The Los Angeles Lakers also have hopes of re-opening their practice facility — the UCLA Health Training Center in El Segundo — this month, but they’re going to have to wait at least another week, according to a report from Shams Charania of The Athletic:
Date the Lakers are targeting as of now to reopen practice facility under NBA's protocols: May 16, sources tell @TheAthleticNBA @Stadium.

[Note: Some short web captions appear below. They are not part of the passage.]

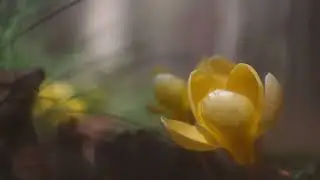 I Fiori del Bosco - Michela Campanaro
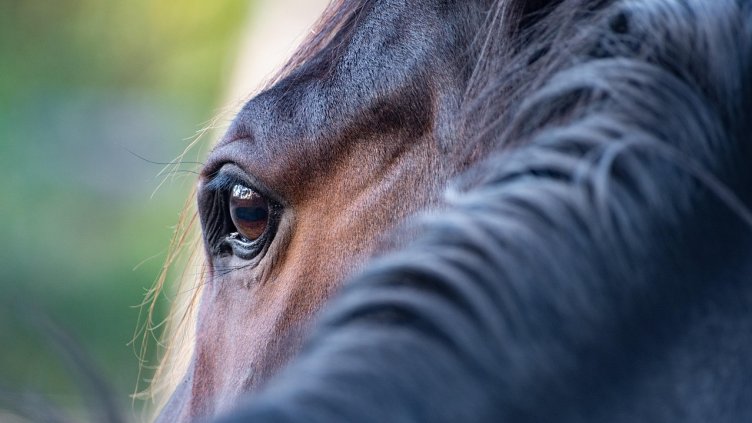 Снимка на wal_172619 от Pixabay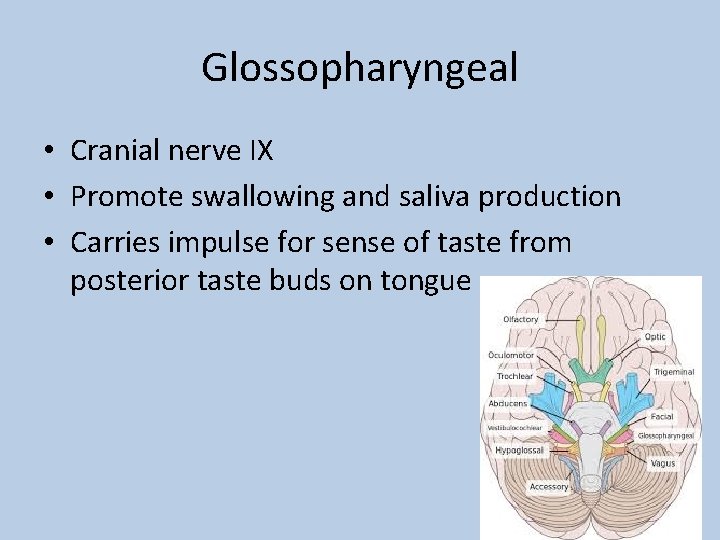 Glossopharyngeal • Cranial nerve IX • Promote swallowing and saliva production • Carries impulse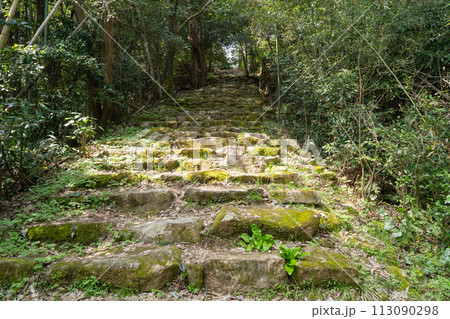 観音寺城趾の石段(滋賀県近江八幡市) 観音寺城趾の石段(滋賀県近江八幡市) 113090298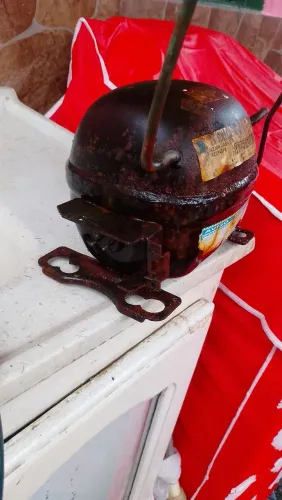Moto pequeno de bebedouro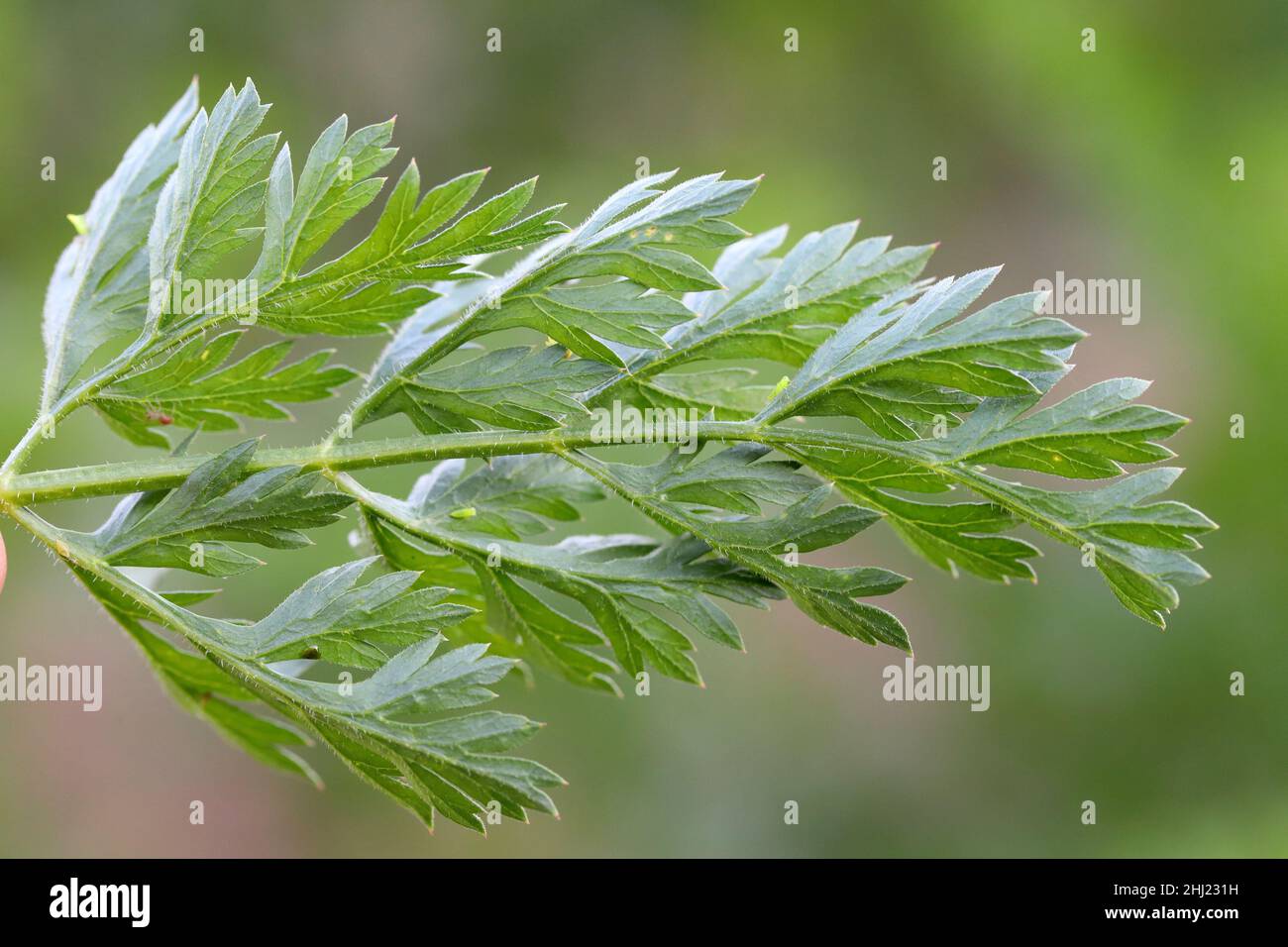 Schädlinge auf Karottenblättern. Blatttrichter und Raupe. Stockfoto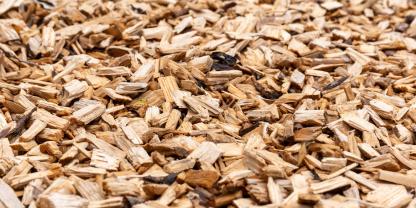 Bei verschiedenen Baumarten für Hackschnitzel gibt es bei der Energieausbeute deutliche Unterschiede.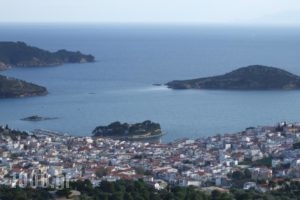 Stathi's House_lowest prices_in_Hotel_Sporades Islands_Skiathos_Skiathos Chora
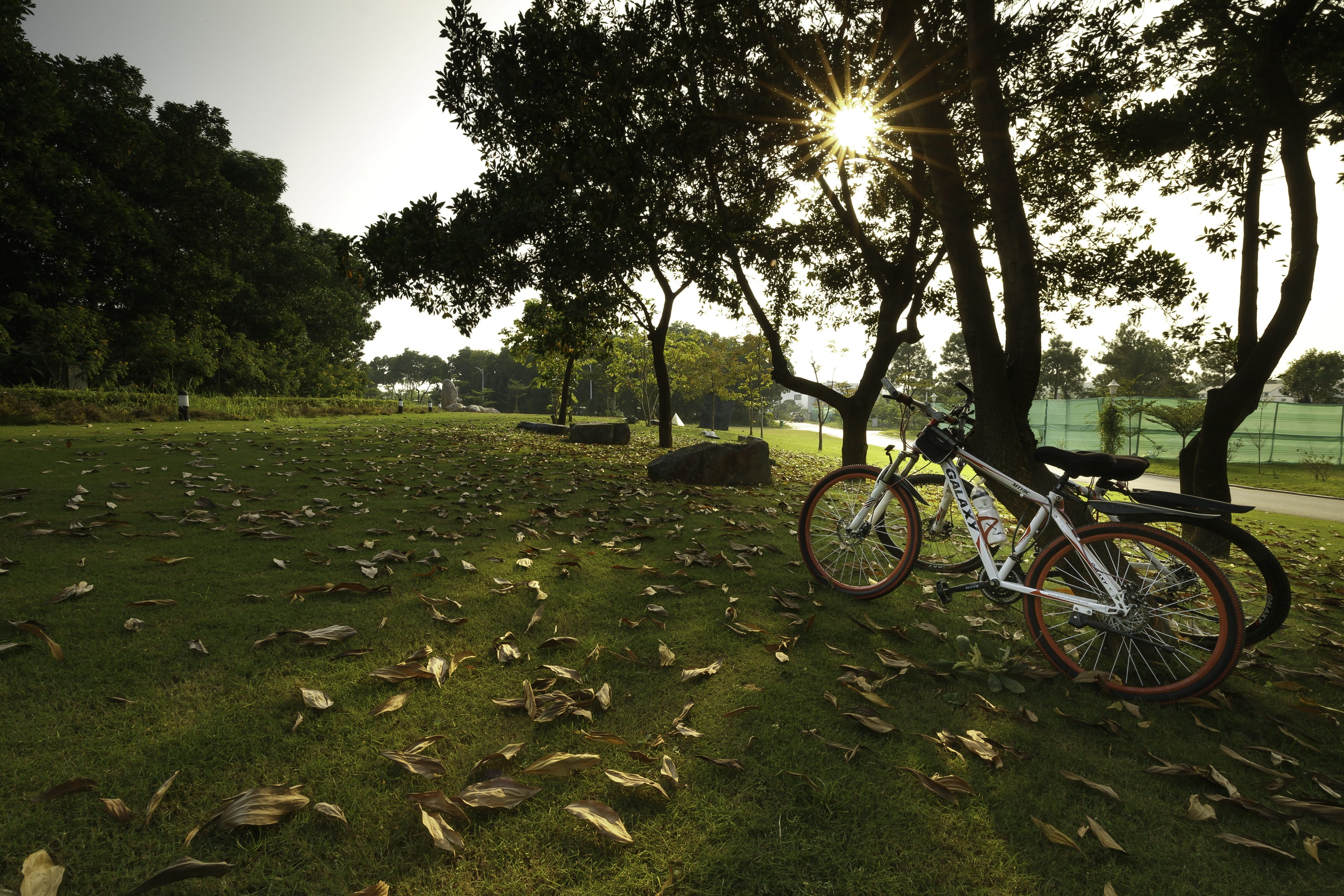 land, nature, tianắng, the sun, yellow leaves, nostalgia, sky, 2K, always have each other, bench, carpet grass, no one, transportation, bicycle, day, sadness, HD Wallpaper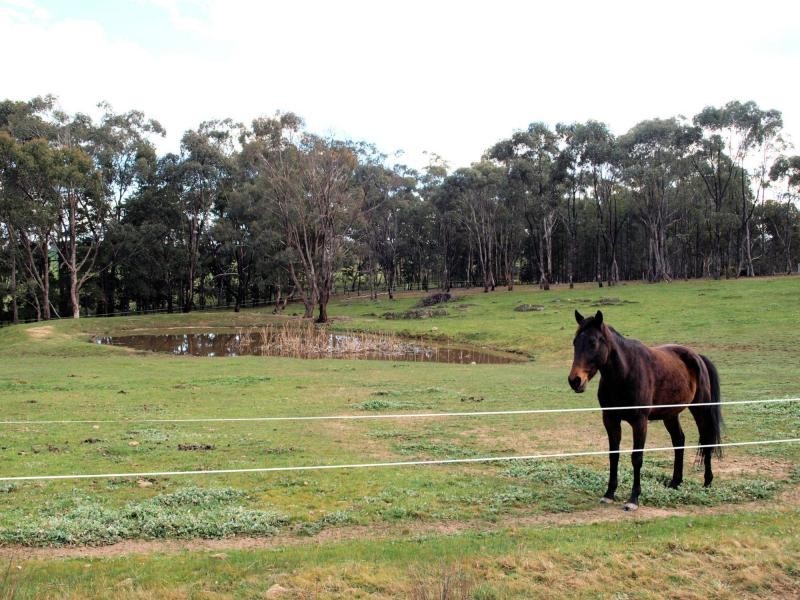 Lot 13 Heathcote-Redesdale Road, Heathcote VIC 3523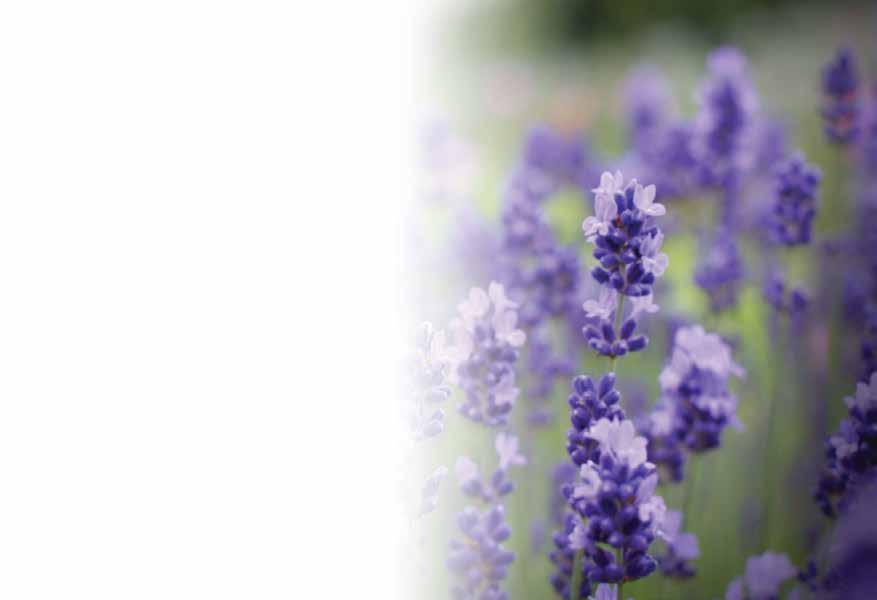 Lavender & Helichrysum Spray Lavender & Helichrysum Toner and Hydrator, affectionately known as Lavender Spray, is a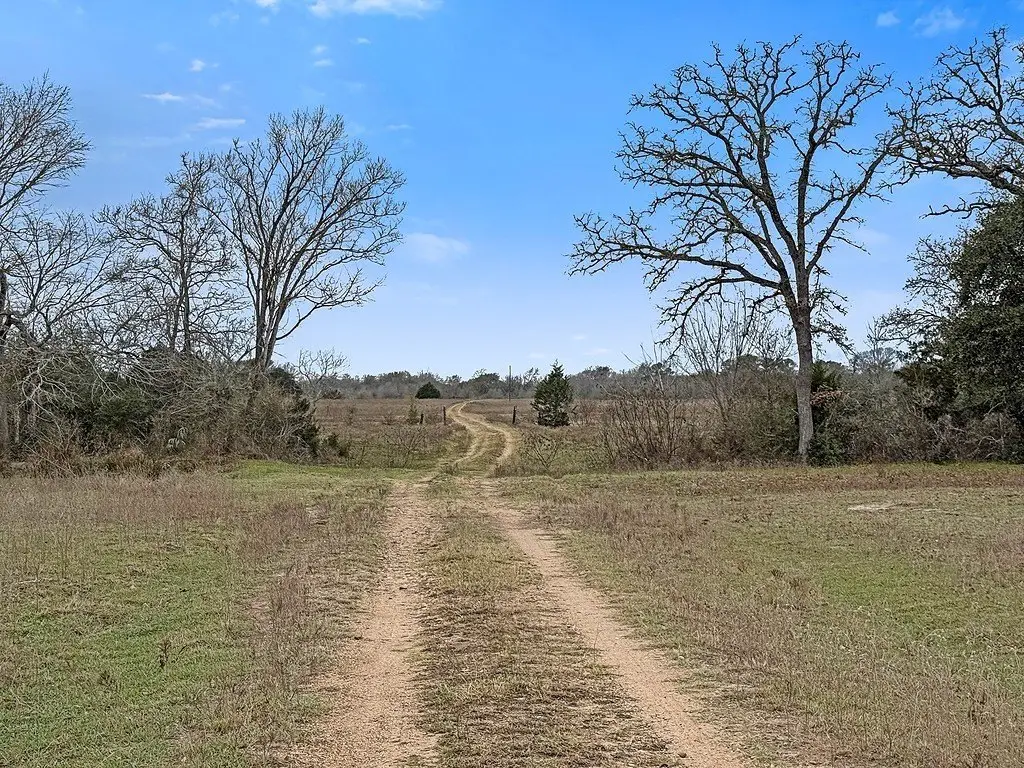 Picture 2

— Shams Charania (@ShamsCharania) May 7, 2020
Lakers are hopeful to open facility then — and will continue working with the appropriate government and health officials to ensure safety for players and staff during the fluid coronavirus situation. https://t.co/0xw2sblPKy
— Shams Charania (@ShamsCharania) May 7, 2020
NBA practice facilities have been closed since March 19, the same day California Governor Gavin Newsom issued the state’s stay at home order. The stay at home order was supposed to be lifted on April 19, but once the threat of COVID-19, or the coronavirus, grew in the state, the order was extended to May 15.
If the order isn’t extended again before May 15, it sounds like the Lakers are optimistic that they’ll be included in Newsom’s second phase of re-opening the state. The Lakers and the other NBA teams based in California — the Sacramento Kings, Golden State Warriors and Clippers — have been contact with city and state government officials over the last few weeks about re-opening their practice facilities.
However, while the Lakers are hopeful they’ll be able to re-open their practice facility, they understand that this decision will be made with the public’s healthy and safety in mind:
In conference call today, Frank Vogel said, “It’s not really anything we can control. When it’s safe and appropriate for us to get back in our building we’ll do so at that time.” https://t.co/K3Vz7qfd4D
— Bill Oram (@billoram) May 7, 2020
It should also be noted that the re-opening of practice facilities across the United States isn’t a sign that the NBA is going to resume play. Rather, it’s a sign of how far we’ve come over the past two months, and how much work there is still to be done before the league can restart its season.
The Lakers haven’t played since March 10. They clinched their spot in the postseason with a win over the Milwaukee Bucks on March 6.